Tragic child actor Corey Haim plays Marty, who is confined to a wheelchair. Now, because this is a werewolf movie, you naturally assume that the title of Silver Bullet is about just that, a werewolf’s weakness. You’re correct, eventually.

It starts off as the name of Marty’s wheelchair which eventually becomes a motorcycle that his Uncle Red (Busey, huge surprise) builds for him. So, a story about a werewolf has a central character whose wheelchair turned motorcycle is called “Silver Bullet”. King has been accused of a lack of subtlety from time to time.

On the note of Gary Busey, I did check afterwards about the accident he suffered that caused him brain damage and wondered, if based on his style of playing an oft drunk yet affectionate Uncle if that was just his style or an offshoot of the accident. Couldn’t be, as it occurred in 1988 three years later. It so happened it was a motorcycle accident he went through and his Uncle Red here gives Marty a stern warning about being careful on the machine he builds for him. Oof.

Other notable faces include an early appearance by John Loc….Terry O’Quinn as the town sheriff who of course remains skeptical of the claims that something more than human is preying on the town in increasingly frightening numbers. So much so, that vigilante search parties begin going against the Sheriff’s commands and he in return becomes helpless to stop it once one of the victim’s relatives, an aggrieved father, tells him what right he has to stop them from committing “personal justice”. I kept waiting for someone to say “vigilantism” or “vigilante” but it never happens. Just an observation about how the most expected description isn’t used here.

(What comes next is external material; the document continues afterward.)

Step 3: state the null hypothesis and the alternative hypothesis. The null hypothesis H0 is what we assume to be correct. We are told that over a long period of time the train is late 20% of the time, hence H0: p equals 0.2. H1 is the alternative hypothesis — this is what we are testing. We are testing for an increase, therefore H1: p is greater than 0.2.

It soon becomes honestly an R-rated yet never excessive GooseBumps or supernatural Hardy Boys tale, considering it amounts to a brother and sister with their eventually convinced Uncle to solve a mystery. R-rated because ,what else, werewolf-inflicted violence and some of it can hit quite hard, especially when only seeing the aftermath.

One reason I decided to up and reveal the identity of the man whose a werewolf is because of how McGill appears in the movie. After a midnight rendezvous where Marty stupidly decides to try out the Silver Bullet at night in spite of the night-based terror on the loose, he of course confronts the werewolf at what appears to be a swamp walkway. It was that location that threw me off from thinking it was set in Maine when that looks like a location from down south like South Carolina’s Congaree. Gary Busey and his signature accent also helped with that confusion.

Marty uses some leftover Fourth of July fireworks to blind the werewolf and break one of it’s eyes, saving his life. What helps seal the deal on finding out the mystery for Marty is that the town’s Man of God, Reverend Lowe, has an eye-patch all of a sudden and in the place Marty struck. More importantly, Lowe’s human appearance kept reminding me of a certain figure from the comics.

Image from Horror Obsessive

Image from Comic Art Fans

I have no idea if Garth Ennis and Steve Dillon saw Silver Bullet and thought that having an eye-patch for a badass, Texan reverend literally searching for God in order to kick his ass in Preacher would be a swell idea or if this is sheer coincidence. All I know is that no one else including TV Tropes, which loves to point these things out, have brought it up and yet I couldn’t help but keep thinking of the best graphic novel series that one might hate solely for it’s severe (to put it lightly) stance on religion and everything that comes with it.

As for whether Silver Bullet is a story where Stephen King is airing out some thoughts on religion himself by making the Christian pastor the main antagonist, I doubt it. It appears that Reverend Lowe may have been bitten by a werewolf once in the past and like most werewolf characters has no real control over the horrors that his state puts upon him. However, and this is suggested to be the case based on the cycle of the moon, how close to or full it is to be precise, he can be a malevolent monster when he is human and much to poor Terry O’Quinn’s chagrin, can transform at will.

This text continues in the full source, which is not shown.